What to produce: Every line below from the one with "BPO services category" through the one with "Grafy: Pomer bleskov podľa vzdialenosti;" is to be repeated exactly, with no picture among them.

Information provided:
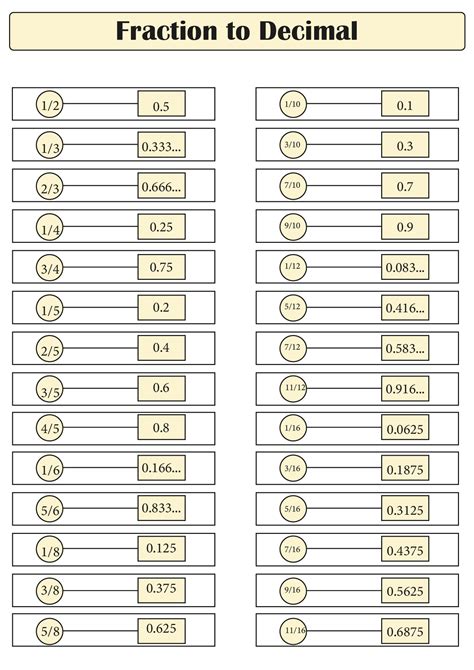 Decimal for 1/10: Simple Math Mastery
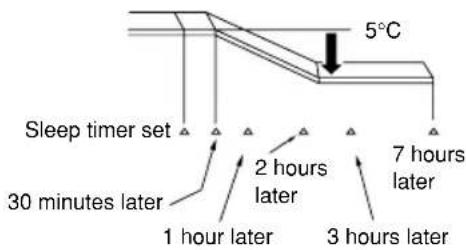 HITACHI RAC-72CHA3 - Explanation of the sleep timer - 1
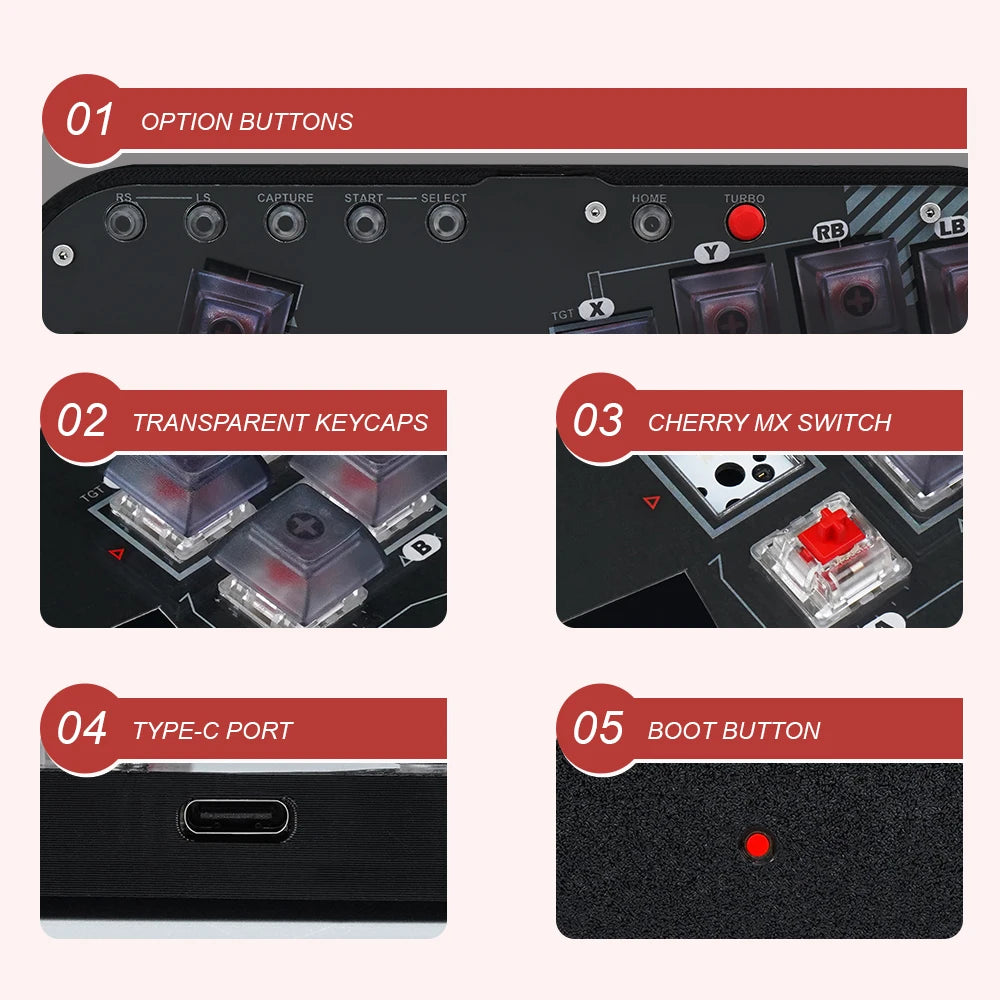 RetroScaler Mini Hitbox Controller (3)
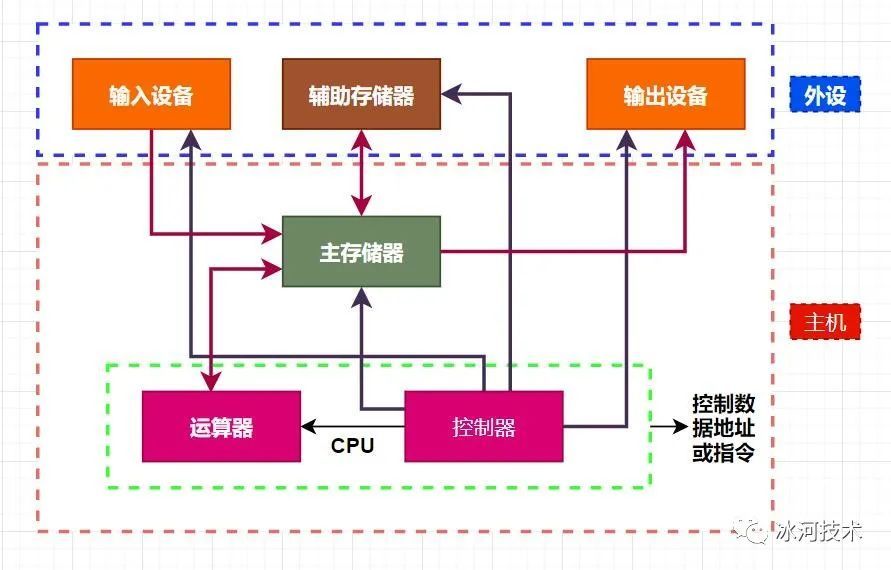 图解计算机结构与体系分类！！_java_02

* * *

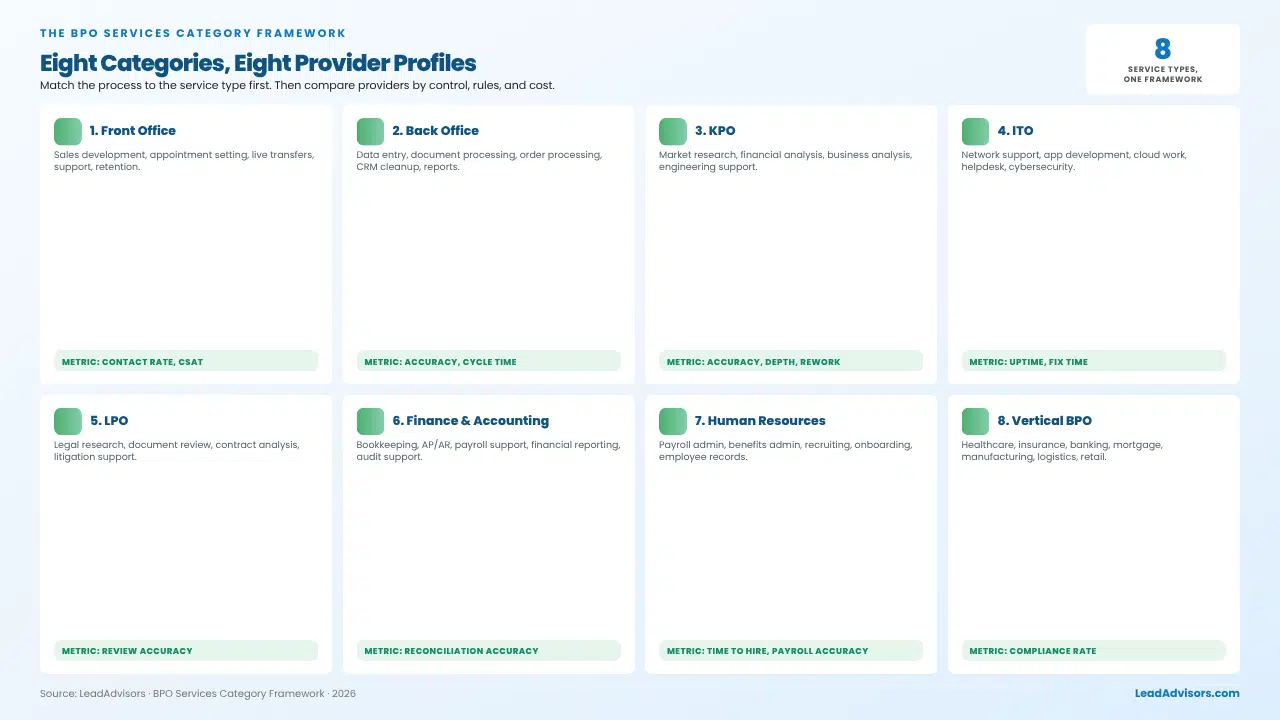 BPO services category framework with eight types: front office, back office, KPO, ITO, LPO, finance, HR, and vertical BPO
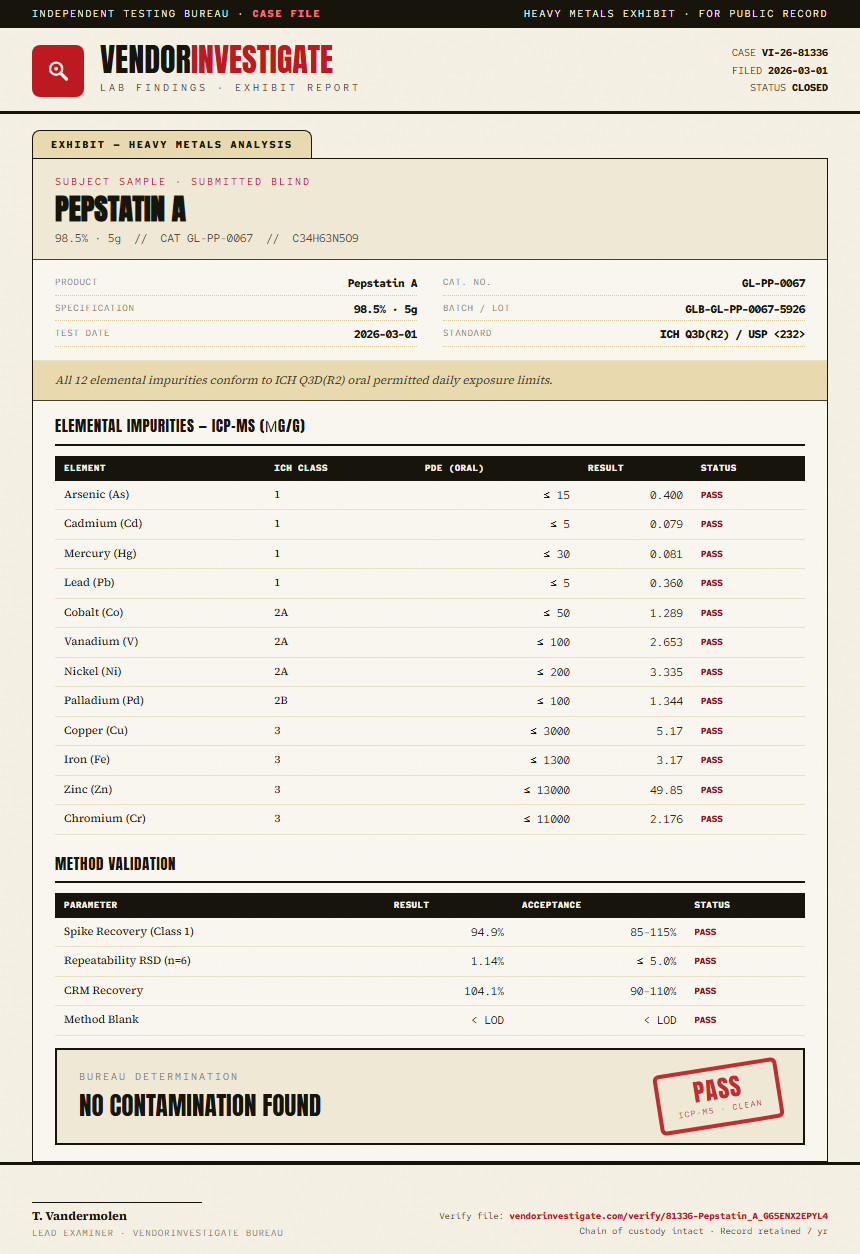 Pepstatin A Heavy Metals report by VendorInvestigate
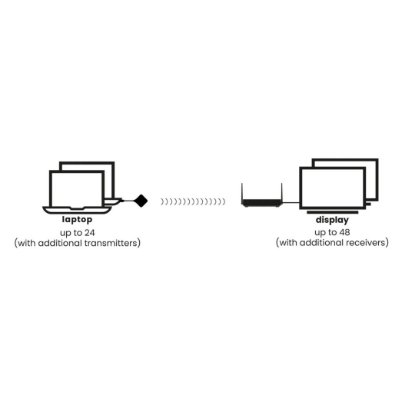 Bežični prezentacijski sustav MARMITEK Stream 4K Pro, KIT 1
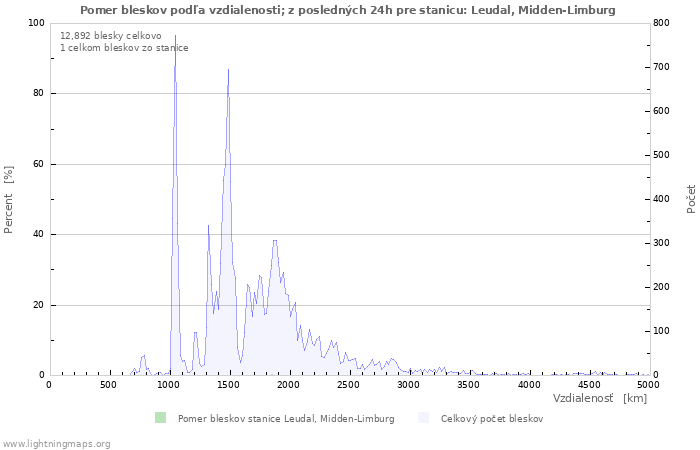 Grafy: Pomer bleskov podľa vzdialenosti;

Response to this exercise:
 BPO services category framework with eight types: front office, back office, KPO, ITO, LPO, finance, HR, and vertical BPO
 Pepstatin A Heavy Metals report by VendorInvestigate
 Bežični prezentacijski sustav MARMITEK Stream 4K Pro, KIT 1
 Grafy: Pomer bleskov podľa vzdialenosti;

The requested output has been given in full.